She (we’ll call her Emily) writes: I just got rejected from rushing the sororities at my school, which many of my friends are involved with. to say the least, i feel broken and worthless. my power was taken away from me by a bunch of overly empowered girls. knowing that this same thing happened to you, and inspired your great success, ‘greek tragedy’, I was hoping you might tell me something, with your usual eloquence, that would let me know that this isn’t the end. that it’s possible to still be happy and lead a full life. that you can still have hundreds of boyfriends, good hair, accessorize well, and have friends fondly referred to as Smelly even though you feel tender and defective right now. tell me that the girls who rejected you are now fat and living in tulsa. tell me something to make it okay please.
I respond: Oh Emily, Emily, Emily, look how great a job you did at that cheer up all on your own. You don’t need anyone to tell you you’ll be a success, that you’ll be happy, no one to offer you promises, because just look, look at what you wrote to me. Deep down, or at least intellectually, you know that’s all true. That not being in a sorority will have zero influence on the rest of your life. Emotions, though, man, that’s where it’s hard.
Intellectually you know everything I could tell you, but emotionally you feel like a beat up little girl who wants to sulk and dissect everything for "why"s. Why is the universe singling you out and fucking with you like this? Like I wrote on the blog when it happened to me, LOOK UP. Not cheer up, but look up, realize there is a whole world around you, different options. I know this might sound strange, but stop to think about this for a second: imagine this happened to you on purpose. Not only to make you stronger but maybe to force you to also make new friends, to not rely on an easy system, to force you to grow and leave your familiar boundaries (ones you set for yourself that maybe it’s time to outgrow).
I promise you, five years from now, you will look back at this time and think, "I can’t believe how upset I was over that." Okay, that won’t always be the case. Sometimes you’ll look back and think, "that sucked, but obviously I got over it." Because at the end of the day, rejection just sucks. But it sucks for everyone. If I were you, and I was, I’d turn it around and force a smile and remind myself that I don’t need others to know how awesome I am. Because I know it. And dammit, if I don’t, I’m going to figure out how to know it. I’m going to wake up and decide to do something new, something I’ve never done before.
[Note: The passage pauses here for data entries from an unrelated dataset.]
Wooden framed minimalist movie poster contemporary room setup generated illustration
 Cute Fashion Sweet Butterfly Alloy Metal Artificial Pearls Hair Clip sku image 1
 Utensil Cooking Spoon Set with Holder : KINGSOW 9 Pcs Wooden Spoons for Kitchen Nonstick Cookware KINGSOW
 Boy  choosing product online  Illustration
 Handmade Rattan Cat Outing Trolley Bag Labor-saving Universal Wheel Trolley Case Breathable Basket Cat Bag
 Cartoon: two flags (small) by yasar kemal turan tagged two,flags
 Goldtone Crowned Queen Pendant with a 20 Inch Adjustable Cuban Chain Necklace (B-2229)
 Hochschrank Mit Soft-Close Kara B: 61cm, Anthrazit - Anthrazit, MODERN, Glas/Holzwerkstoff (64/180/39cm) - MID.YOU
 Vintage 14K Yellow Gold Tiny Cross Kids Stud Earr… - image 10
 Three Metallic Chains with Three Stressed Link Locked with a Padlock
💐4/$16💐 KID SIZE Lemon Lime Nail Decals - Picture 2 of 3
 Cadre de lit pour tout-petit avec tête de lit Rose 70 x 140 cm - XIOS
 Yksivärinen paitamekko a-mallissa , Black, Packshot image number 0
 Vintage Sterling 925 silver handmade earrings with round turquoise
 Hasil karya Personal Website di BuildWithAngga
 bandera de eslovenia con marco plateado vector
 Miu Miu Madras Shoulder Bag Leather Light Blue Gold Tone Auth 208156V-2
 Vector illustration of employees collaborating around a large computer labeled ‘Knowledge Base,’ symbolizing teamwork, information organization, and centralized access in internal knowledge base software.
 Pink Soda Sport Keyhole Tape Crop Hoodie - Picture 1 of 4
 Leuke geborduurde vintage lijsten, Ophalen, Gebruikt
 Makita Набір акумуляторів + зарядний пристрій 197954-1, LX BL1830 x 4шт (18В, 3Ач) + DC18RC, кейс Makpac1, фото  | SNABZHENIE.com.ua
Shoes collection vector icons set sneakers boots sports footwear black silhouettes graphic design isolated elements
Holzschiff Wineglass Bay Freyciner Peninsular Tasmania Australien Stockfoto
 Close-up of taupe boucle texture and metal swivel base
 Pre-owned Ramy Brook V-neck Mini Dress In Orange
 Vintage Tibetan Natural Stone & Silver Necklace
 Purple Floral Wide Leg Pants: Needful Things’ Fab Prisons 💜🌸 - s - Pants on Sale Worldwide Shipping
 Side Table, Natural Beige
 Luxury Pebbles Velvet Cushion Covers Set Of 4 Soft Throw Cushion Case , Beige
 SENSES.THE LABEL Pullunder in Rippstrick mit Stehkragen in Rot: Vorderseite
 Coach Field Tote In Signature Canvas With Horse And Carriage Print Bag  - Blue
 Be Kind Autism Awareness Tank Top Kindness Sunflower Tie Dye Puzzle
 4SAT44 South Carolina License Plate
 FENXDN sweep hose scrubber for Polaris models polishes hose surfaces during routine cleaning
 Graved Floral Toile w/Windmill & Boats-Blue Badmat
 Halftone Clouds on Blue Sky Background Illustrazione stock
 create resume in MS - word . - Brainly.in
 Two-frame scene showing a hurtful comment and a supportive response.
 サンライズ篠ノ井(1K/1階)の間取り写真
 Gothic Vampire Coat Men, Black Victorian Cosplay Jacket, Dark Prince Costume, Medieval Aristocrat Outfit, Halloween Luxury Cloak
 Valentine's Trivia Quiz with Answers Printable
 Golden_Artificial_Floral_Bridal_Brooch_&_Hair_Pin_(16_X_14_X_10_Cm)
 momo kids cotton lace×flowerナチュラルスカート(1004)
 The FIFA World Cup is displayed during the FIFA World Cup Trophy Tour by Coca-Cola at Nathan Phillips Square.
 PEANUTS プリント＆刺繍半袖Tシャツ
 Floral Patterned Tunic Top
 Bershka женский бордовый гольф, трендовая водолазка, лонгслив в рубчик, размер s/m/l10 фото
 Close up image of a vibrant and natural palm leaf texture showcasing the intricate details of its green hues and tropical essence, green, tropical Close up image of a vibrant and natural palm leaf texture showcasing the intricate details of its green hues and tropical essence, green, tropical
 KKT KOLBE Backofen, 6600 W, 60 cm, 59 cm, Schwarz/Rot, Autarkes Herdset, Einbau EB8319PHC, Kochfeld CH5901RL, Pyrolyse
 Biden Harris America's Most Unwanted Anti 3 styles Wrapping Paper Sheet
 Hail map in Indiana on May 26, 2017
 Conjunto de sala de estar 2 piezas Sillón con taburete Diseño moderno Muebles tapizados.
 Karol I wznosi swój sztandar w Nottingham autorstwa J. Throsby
I’m going to make a new friend, to extend myself, offer someone help by going out of my way. Today I’m going to smile to everyone, even if they don’t smile back. Because that’s the beauty of our lives, the ability to change them, to grab hold of them, and live them. Life is too short to still be sulking about it!
And for what it’s worth, the friends of mine who were in sororities ended up dropping out. "What a waste of money. All those dues. And it was all so forced and fake. It’s basically for people who don’t know how to make friends on their own." And also, funny enough, after college, I made friends with a woman (sweet Dulce) who loved her sorority sisters and introduced me to all of them. They’re now some of my closest friends. I’m an honorary Johns Hopkins member of whatever sorority they were all inducted. The point is, you’ll get over this with grace. We don’t get to choose what happens to us, but we can choose how we react to whatever comes our way. Make this an exemplary moment in your life, a time you’ll look back upon and say, "Wow, I’m so proud of how I handled that, with such grace and strength. It was hard for me, but look how I rolled with it, look how well adjusted I was able to be about that." And that will give you strength to face whatever the future might hold.
I hope this helps. I’m posting it on my blog because I think a lot of people need a good pep talk. Because, see, it happens to everyone. The sooner you learn to handle rejection with grace, the better. Because after I dealt with the blow of no sororities wanting me, I dealt with a husband who didn’t want me or the family we’d planned for. So all these rejections are just training us to handle change, to evolve into better, stronger people. It’s what Straight Up and Dirty is all about. And believe it or not, it doesn’t harden you, but it does enable you to realize not only aren’t you alone in any of it, but you’re more compassionate, and are able to bounce back from a blow all the quicker. Not exactly a Tulsa Oklahoma answer, but my truth, just the same.